I have only ever tried metoprolol, and was on it for five years continuously until the end of the blanking period after a second (touch-up) ablation. Some report that they don't do well on metoprolol. I found that it stunted my aerobic exercise capacity by about 25%, although my cardiologist refuted my assumption and insisted that it should have no effect on my cardiac output like that. However, it is a calcium-channel blocker and a beta-adrenergic, so it would not be a prescribed medicine if it did nothing like keep a lid on my heart rate.

If you have an arrhythmia, it is a progressive disorder. What works right now won't work inside of four-seven years. You'll need something else.

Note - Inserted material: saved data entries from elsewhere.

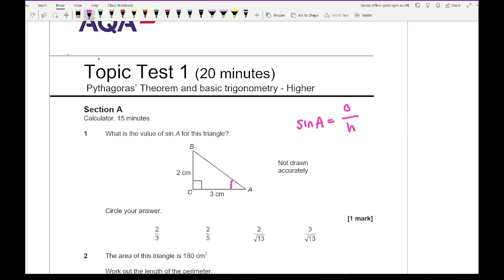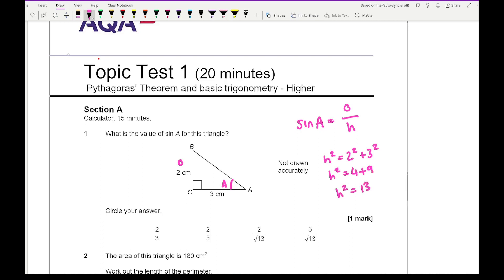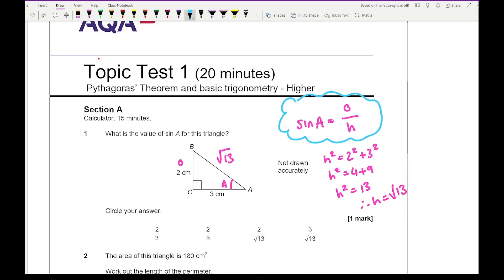Looking at this triangle, sine A is this angle here, so the opposite side is 2. I first need to work out the hypotenuse. h² = 2² + 3² = 4 + 9 = 13, so h = √13. Going back to the sine A formula, I pick out the opposite which is 2 and the hypotenuse which is √13, so sine A = 2/√13, which is the third option.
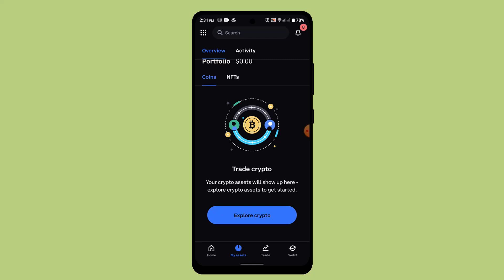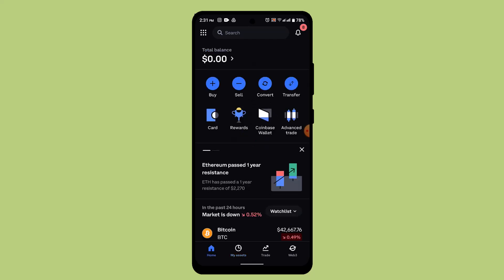That is how you can sell on Coinbase and transfer to bank. That's all for this video — I hope it was helpful. Make sure to like, share, and subscribe to our channel. Thank you for watching, see you in the next video.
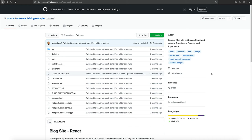Hello, and welcome to this video about how to use Oracle Content Management in conjunction with React.js to build a blog powered by Oracle Content Management as a headless CMS. My name is Preston So. I'm the Senior Director of Product Strategy for Oracle Content Management. Let's get started.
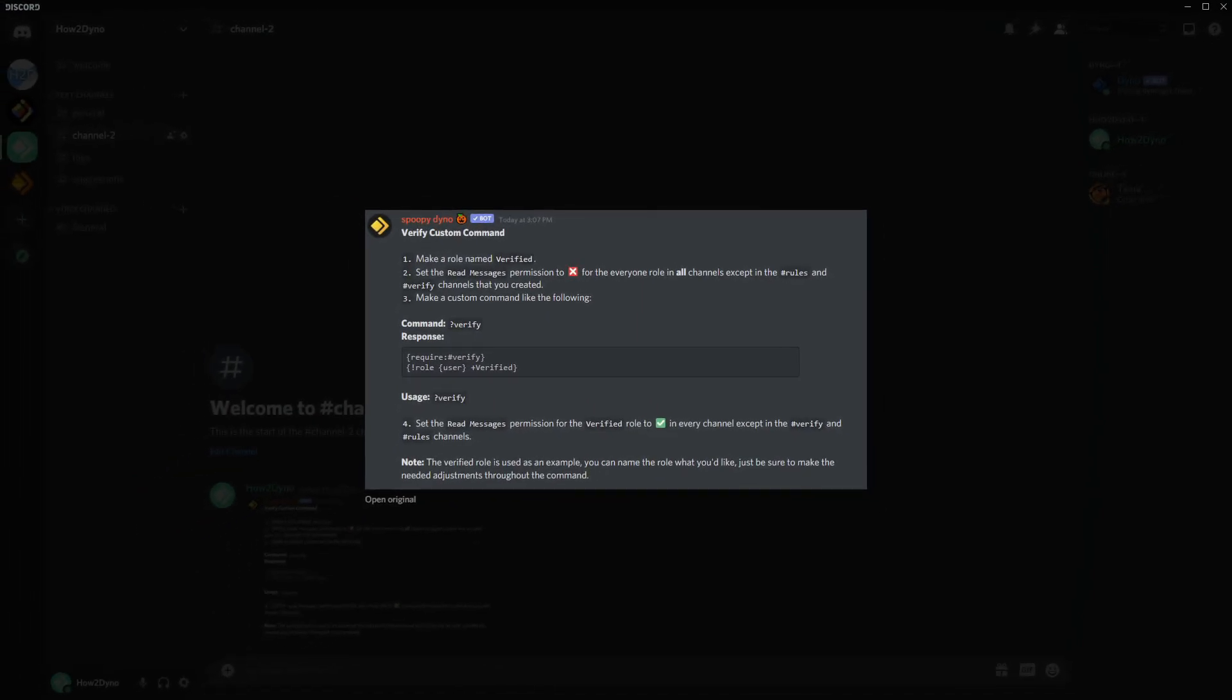Alright, so welcome to How to Dyno. Today I'm going to remake the verification custom command, mainly due to the popularity of that video and also just to simplify things because I felt the last tutorial was a little too advanced and people were just running into issues.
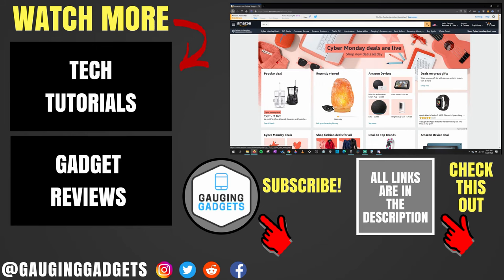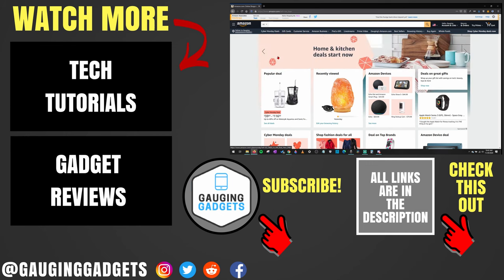If you have any questions about this, leave a comment below. I'll get back to you as soon as I can. If you'd like to see more Amazon tutorial videos, check the links in the description. If this video helped you, give it a thumbs up and please consider subscribing to my channel, Gauging Gadgets, for more gadget reviews and tech tutorials. Thank you so much for watching.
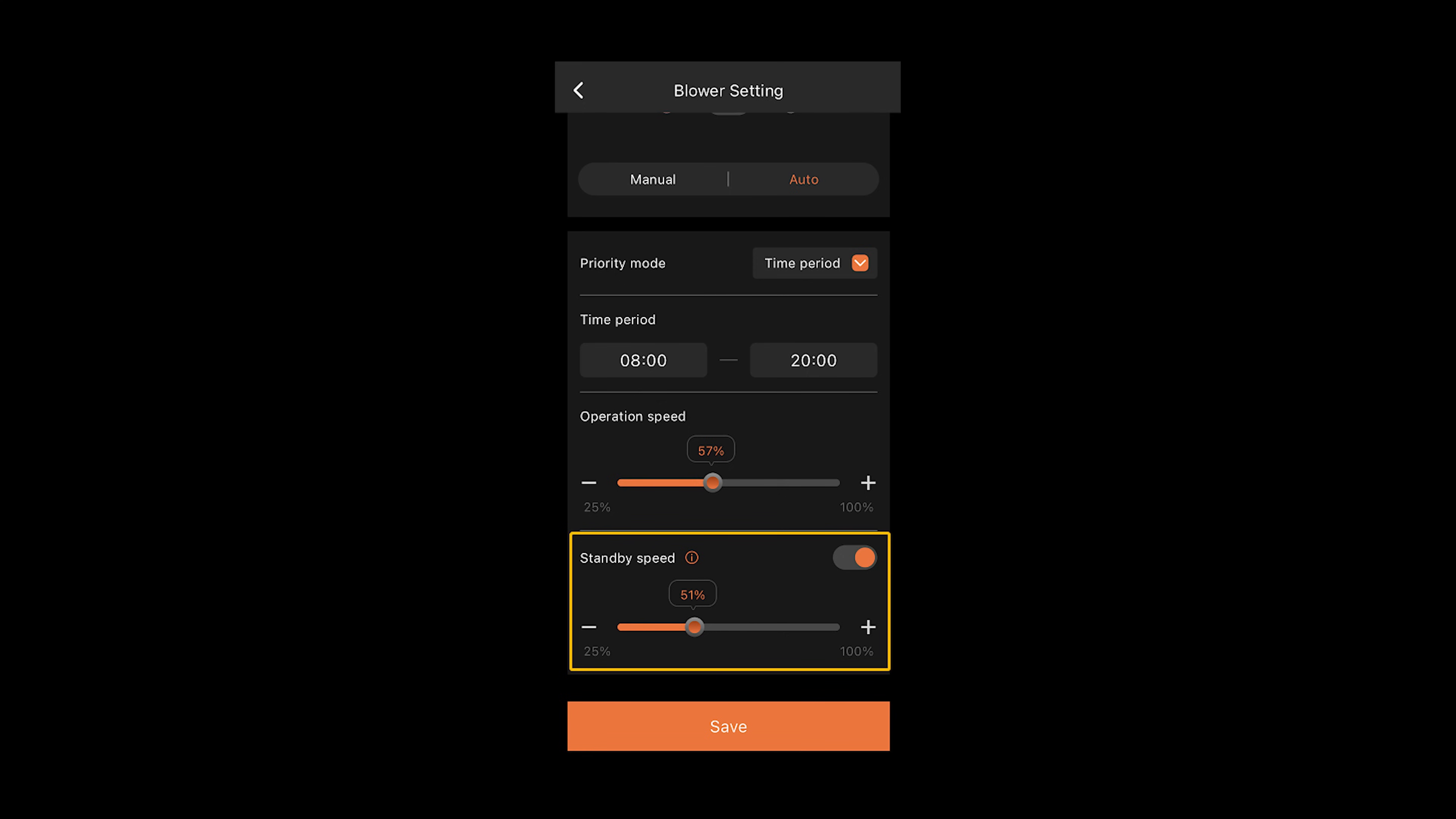You can set the standby speed for the inline fan. This means that after it runs for a set time, it will switch to a lower standby speed.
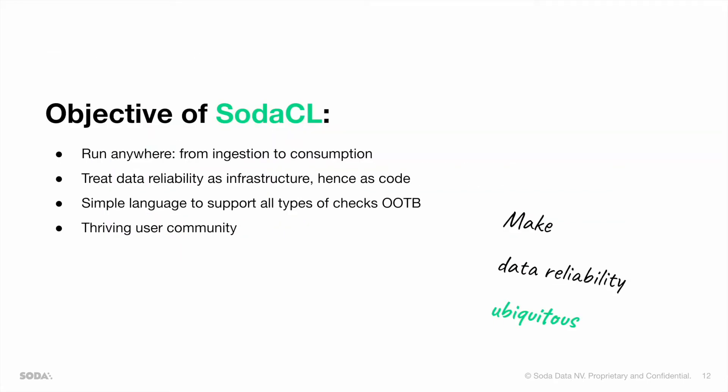What is the objective of Soda CL? Of course, to run anywhere, from ingestion to consumption, to treat data reliability as infrastructure, hence as code, to offer a simple language to support all types of checks out-of-the-box, and a thriving user community.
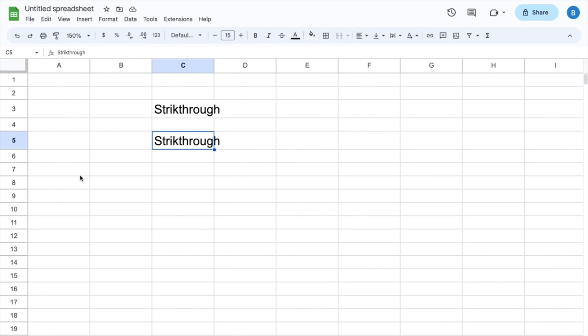In this Google Sheets tutorial video, I'm going to show you how to strike through text. Once you have Google Sheets opened up, type in some text. As you can tell, I've typed in strikethrough.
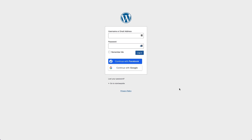Let's take a look at what a social login looks like on a website. So this is the WordPress login screen, and as you can see, there's two additional buttons on the screen underneath the login button where you can continue the login process with Facebook and with Google as well. So this is what we're gonna be creating in this video.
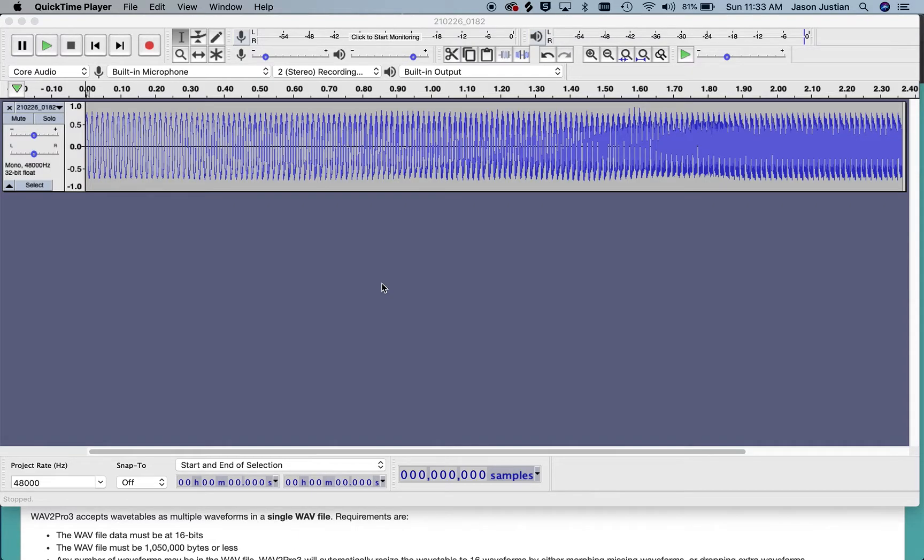Good morning, this is Jason. This is a tutorial for converting recorded audio into a wavetable for a Sequential Pro 3.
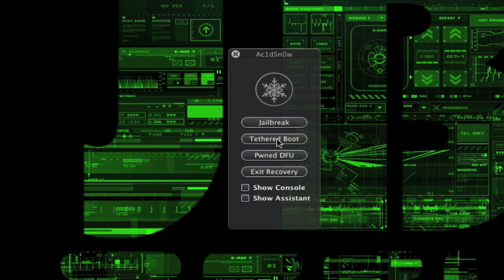Because this is a tethered jailbreak, you'll have to boot it up by hooking it to your computer and running this, then do the tethered boot. We also have the option to pwn DFU, and exit recovery will exit through that connect to iTunes screen on your iDevice.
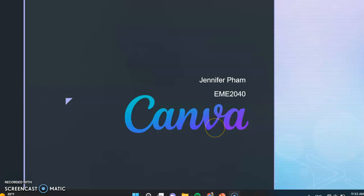Hello, my name is Jennifer Pham and today I'm going to be showing you how Canva works as well as how it works in the public relations environment.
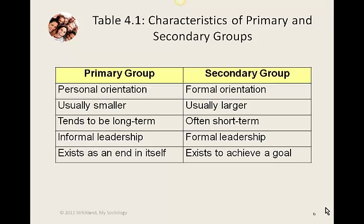One person might be in charge of speech writing, another of publicity, another of fundraising, and so on. It's a more formal group, and it may be so large that many of the members don't even know each other. Now, groups aren't always strictly secondary or primary — it's not as if every group fits into one of two polarized categories. Instead, some groups are mostly primary, some are mostly secondary, and some fall somewhere in between.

If you have AF, and would like as little effect on your daily routine as possible, you want to get a catheter ablation before the disease progresses to the point where you have permanent/persistent AF, which is much more difficult to treat. A successful ablation will keep you free of arrhythmia for many months, often up to about 7-9 years. Eventually, though, you'll need another intervention...happens to pretty much everyone. There are literally tens of thousands around the globe who have had four, five, even six ablations over their lives, sometimes inside of three or four years until they get an electrophysiologist who is highly skilled and who can fix them...not cure them...fix them...for now. My point is that the mechanical fix, which is what catheter ablation is, has a much better record over time of keeping you off meds (who doesn't want that?!?), and free from the anxiety and palpitations that can ruin sleep and invite all the other problems that that condition invites.

As for which calcium-channel blocker, I'm afraid only you will be the final determinant of how well it works. Try metoprolol first, since it is by far the most commonly prescribed blocker, and well tolerated by millions, literally. If it's a bust, try diltiazem or cardevilol, and hopefully one of them works.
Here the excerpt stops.